Hmmm, desired sourness. Evidently, there are degrees of sourness. I decided to look up sourdough starters on line. I wanted to make bread with it and had no idea how much of this stuff to use. The flap jack recipe had called for a couple of cups of it which seemed like a lot. The second web site I looked at had all the information you could want on sourdough starter and how to use it. The author spoke with a relaxed, imprecise manner that comes from years of experience. I make my bread that way and his advice seemed to fit right in.
Well, sourdough starters are wild yeasts. Millions of little organisims that live in colonies and kind of make a collective glob that can be thought of as one organism. It needs regular feeding and can't get too warm. Other than that, it is hard to kill. Even if you don't feed it, it probably isn't going to die. They are simple to make and have been used for thousands of years and some are hundreds of years old.
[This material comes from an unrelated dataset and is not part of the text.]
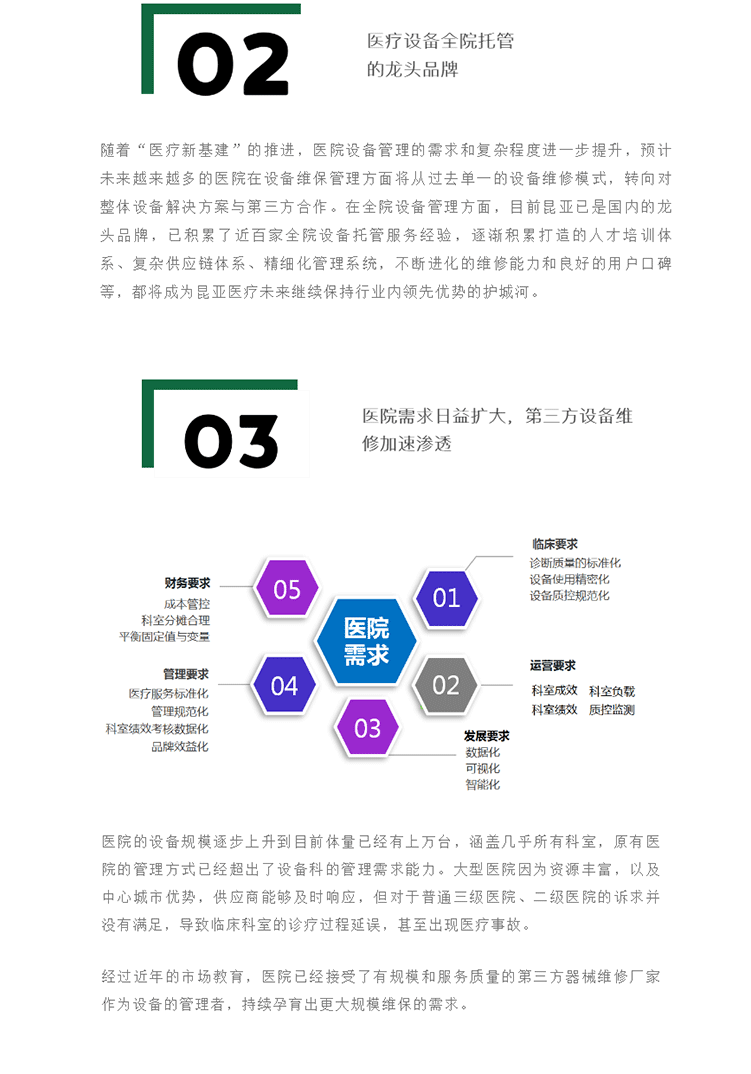 Ag亚洲集团(中国区)官方网站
I was reading the information to Kris. The blizzard was still going on so she was still a blur of cooking activity. At one point the author said he like to think of his starter as a pet that lives in the fridge. Kris stopped cooking, looked over and smiled. A new pet. We had a new pet. "What are going to call it?" she asked. I called to mind the bubbly froth and its intended use. "Fluffy?" I looked at her with raised eyebrows. Oh, yes, Fluffy has taken up residence in the fridge at Missed Skeet Farm.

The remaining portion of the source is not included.